On Halloween night -- the same evening the NBA season began -- Keith Van Horn wore a costume that still causes some team executives and fellow players to do double takes.
Oh lemme guess...a vampire! No wait...a Storm Trooper!
Van Horn went dressed as a husband and father.
Oh, that's just lazy. That's not even worth a fun-size Milky Way.
...Ohhh! now I get it! You're too clever for me, Gene.
At the very least, the outfit will end up costing Van Horn about $5 million, which is about how much he would have received as a midlevel salary exception on somebody's roster this year.
I woul've felt very bad for that "somebody."
Then there's his Nike endorsement deal. Right now, you can find Van Horn's action photo on the company's Web site,
Total hits on that page: 9 (since June 1997)
complete with his preference of kicks (that's shoes, for the hoops impaired).
Hoops impaired people--the obvious intended audience for a hoops column about a guy who plays hoops.
Next week, who knows whether he and his Air Uptempo Pros will still be featured.
Good job, Nike, on featuring Kieth Van Horn for the shoes with the name least befitting of Kieth Van Horn.
That's because Van Horn, the No. 2 selection in the 1997 NBA draft, isn't playing this season -- not because he's injured or because, like numb-above-the-neck Latrell Sprewell, he can't support a household on a multimillion-dollar salary. Nope. Van Horn is sitting out the year because he wants to spend time with his family.
That's one theory. Another would be that he doesn't like stealing money.
Of course, good luck trying to get him to talk about it. Van Horn is laying lower than the bent grass greens at Augusta National. So is his agent, David Falk.
Sure, why not throw in a completely-out-of-place golf reference? Makes sense to me!

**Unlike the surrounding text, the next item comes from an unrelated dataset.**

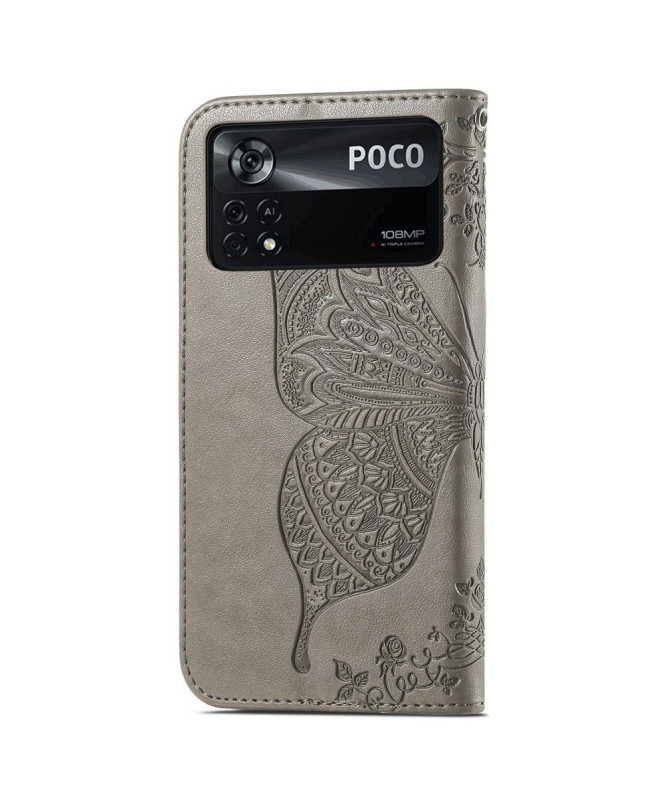 Housse Xiaomi Poco X4 Pro 5G Papillon Relief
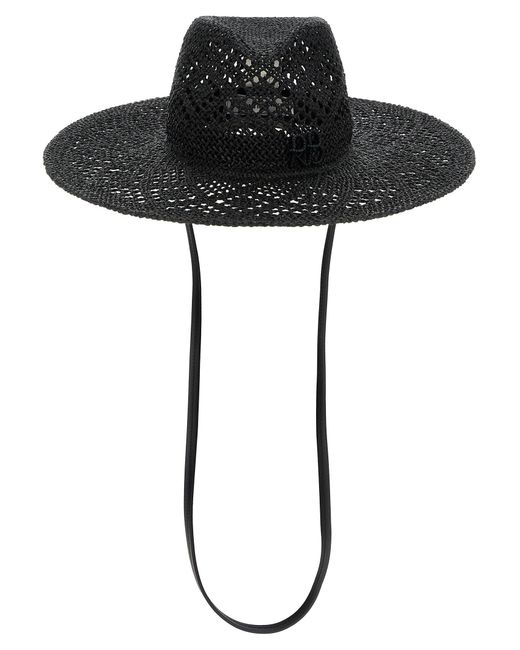 Women's Black Raffia Hat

Meanwhile, the rest of the league doesn't know whether to applaud or request that Van Horn undergo a CAT scan.
"I think there's probably a little bit of both," Denver Nuggets coach George Karl said. "I'm sure there's some players saying, 'Wow, why would he want to turn down that money?' "
"some players" = "all players"
Ah, money. You know how pro athletes always say it isn't about the money ... but it always is? In Van Horn's case, it really isn't about the cash.
Right. He doesn't like stealing.
If it were, he'd probably be in a Nuggets uniform when Karl's team opens its season at the Staples Center on Thursday night against the Los Angeles Clippers. And home games wouldn't have been a problem; Van Horn lives in a pricey foothills neighborhood just west of the Denver skyline.
The Boston Celtics also were interested, so he could have made his season debut Wednesday at the TD Banknorth Garden. Had he signed a free-agent deal with the Celtics, Van Horn would have become the team's resident historian of the Atlantic Division. The guy has spent more time on the Eastern seaboard than Tony Soprano.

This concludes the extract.